James Lipton is an American writer, composer, actor, and the founding Dean Emeritus of the Actors Studio Drama School in New York City. He is the executive producer, writer, and host of the Bravo cable television series "Inside the Actors Studio," which debuted in 1994. His credits as an actor include a ten-year role as Dr. Dick Grant on CBS's "Guiding Light" and recurring guest appearances as Warden Stefan Gentles on Fox's "Arrested Development." Lipton is also a licensed pilot and a member of the Aircraft Owners and Pilots Association.
Question: As a licensed pilot, what have you found is most important in flying a plane?
James Lipton: This is not going to come as a surprise. Concentration. You’re taking a plane off the ground, from the moment those wheels leave the ground; you’re PIC, Pilot in Command. Anybody else sitting in that airplane, you’re in charge. You’ve got to get them back there. Landing the airplane I think is the most difficult thing that I’ve every learned to do in my life. Most people agree. That’s why so many people never finish their training, they just can’t do it. And the wonderful thing about it is that when you’re – say you’re coming in for a landing and you’re in a busy environment, there are other airplanes there, the control tower is talking to you, they’re talking fast, they’re talking to you in this pilot’s speak, which is cursory and mysterious until you learn it. All these things are happening at once and the ground is coming up at you and you’re moving at about 125 mph. So, it’s happening fast, right? And the result is that you can’t think about anything else. It erases the rest of the world, which is a wonderful reason to go flying. And it is the same as in acting in that respect. It’s total concentration until you see that center line go right between your legs, dividing your body in half, and you hear the squeak of the wheels as you make a nice, nice soft landing. Then roll out. Concentration.

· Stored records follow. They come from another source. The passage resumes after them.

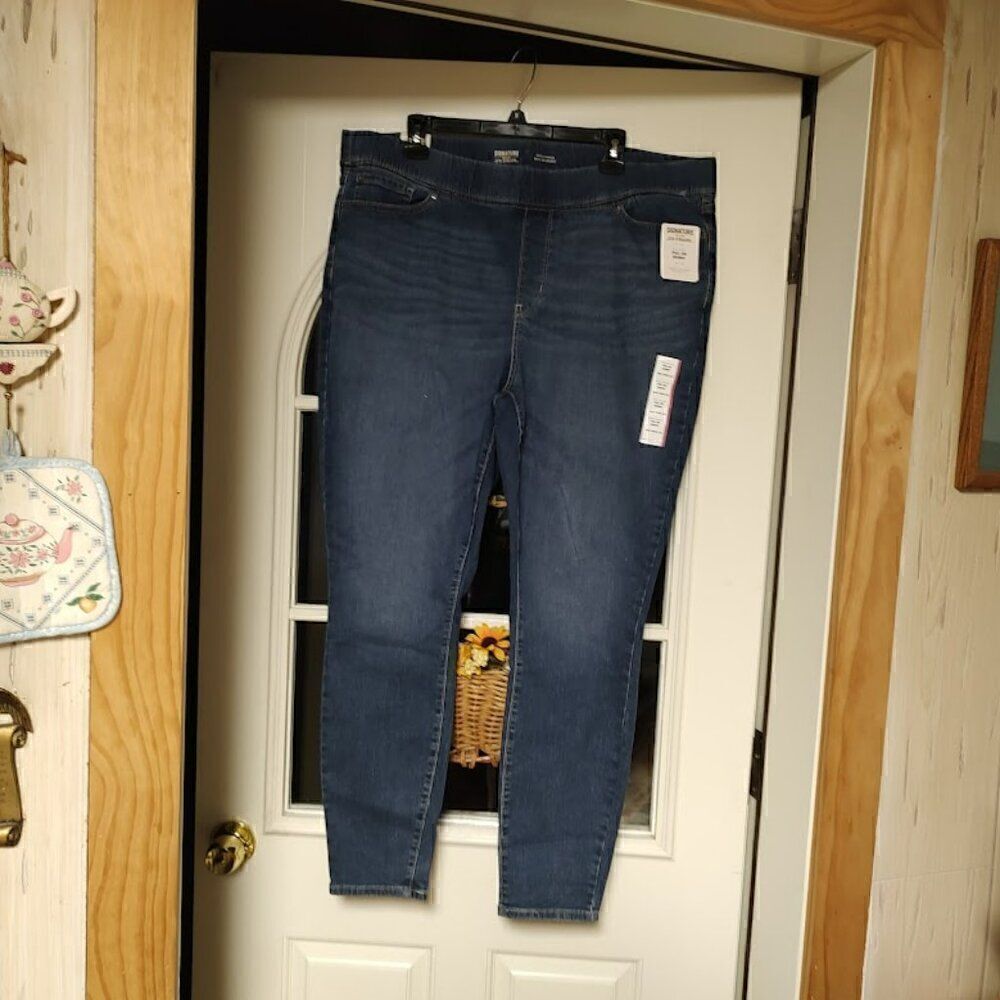 New Signature Gold Levi Strauss Pull On Skinny Jeans Size Women's 20M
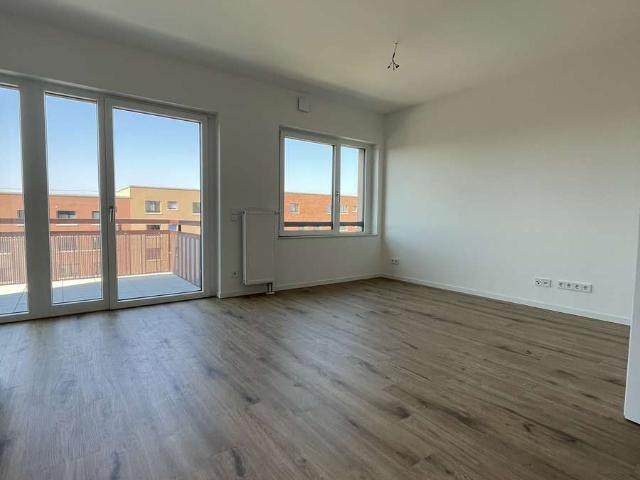 Lichtdurchflutete 3 Zimmer Wohnung mit großem Balkon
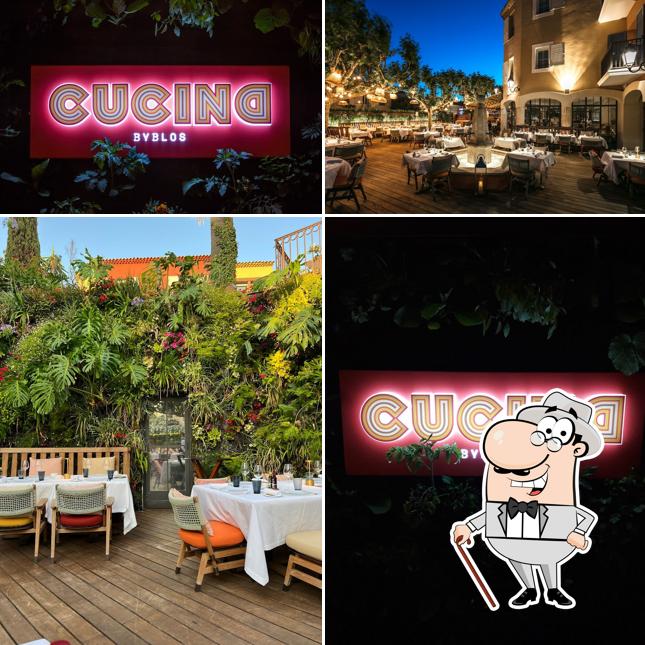 Profitez de la vue de l'espace ouvert de Cucina Byblos - Restaurant Saint-Tropez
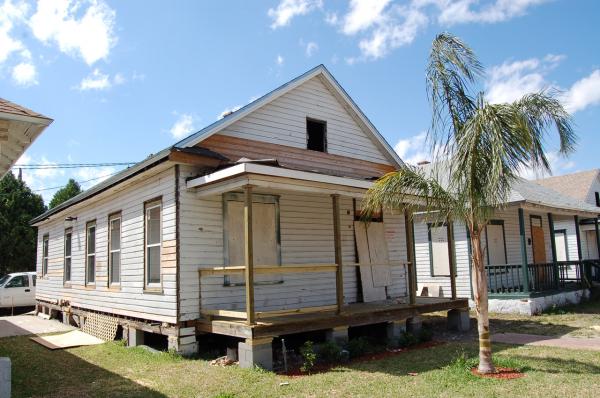 Unrenovated Dancey Terrace house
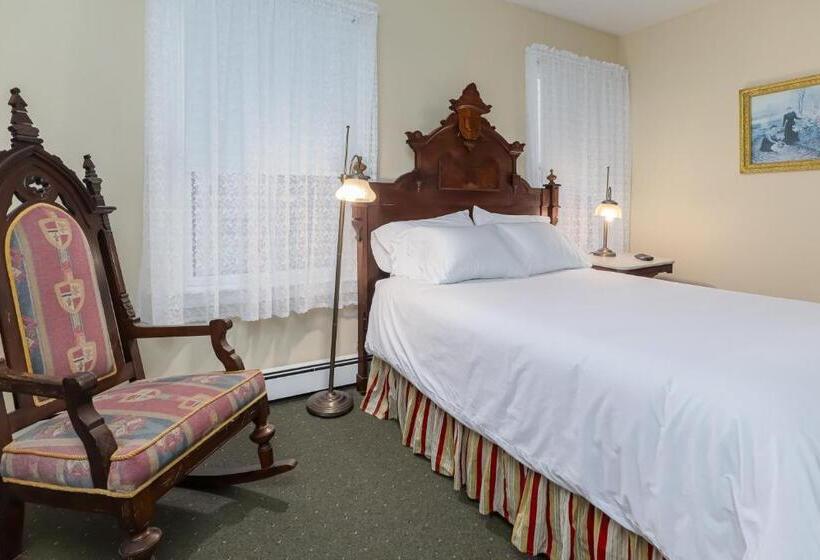 デラックストリプルルーム, Bedford Inn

My favorite sport demands the same thing of me. I realized it long since that this is why both of these things appeal to me because they force me to focus on them and not on anything else that I have brought with me from my life, from the world, no worries, no aspirations, no ideas, no plans, no nothing. You just focus. And that is, I became a show jumper. I jumped horses over big dangerous fences in competition. And got very, very good at it, at quite a high level. And I realized long since that, yeah, it’s the same thing that appeals to me about it. You can’t think about anything else, in either case; jumping horses in competition, show jumping, or flying an airplane, for whatever purpose. You are the PIC, and the alternative to doing it correctly is death, or injury. I’ve been injured badly on horses. I finally stopped seven years ago when I had a very bad injury and had to be helicoptered into New York. But, I miss it. I’ll miss it until the day I die, and I’m convinced to this day that I can get on a horse and jump a course of fences satisfactorily. It doesn’t leave you. I’ve described myself as a recovering equestrian. Taking it one day at a time. These are two things that I love very, very much. And I realize that I love them for the same reason. Why? Because they involve risk.